Between the line containing "Vintage Wood Texture" and the line containing "キラリさんの「BEAMS WOMEN｜【別注】Gramicci /" lies a run of lines; give that run again exactly, with both of those lines, and nothing else from the entries below.

• _INPUT RECORDS_
··········
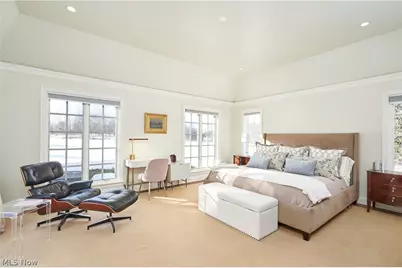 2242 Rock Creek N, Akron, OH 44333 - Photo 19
··········
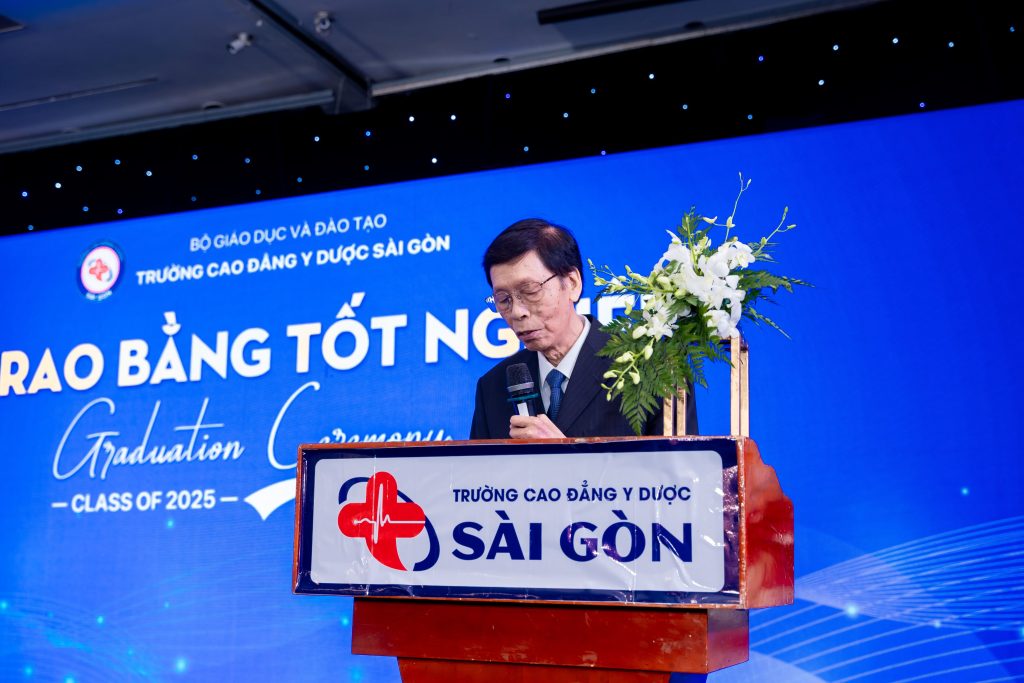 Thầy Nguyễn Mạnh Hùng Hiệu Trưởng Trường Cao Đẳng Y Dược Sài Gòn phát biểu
··········
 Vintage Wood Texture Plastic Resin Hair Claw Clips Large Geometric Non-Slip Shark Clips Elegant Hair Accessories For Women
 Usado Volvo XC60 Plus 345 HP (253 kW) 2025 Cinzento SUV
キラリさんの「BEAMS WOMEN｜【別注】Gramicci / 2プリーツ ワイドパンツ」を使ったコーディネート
··········
• _REPLY TO THE EXERCISE_
 Vintage Wood Texture Plastic Resin Hair Claw Clips Large Geometric Non-Slip Shark Clips Elegant Hair Accessories For Women
 Usado Volvo XC60 Plus 345 HP (253 kW) 2025 Cinzento SUV
キラリさんの「BEAMS WOMEN｜【別注】Gramicci / 2プリーツ ワイドパンツ」を使ったコーディネート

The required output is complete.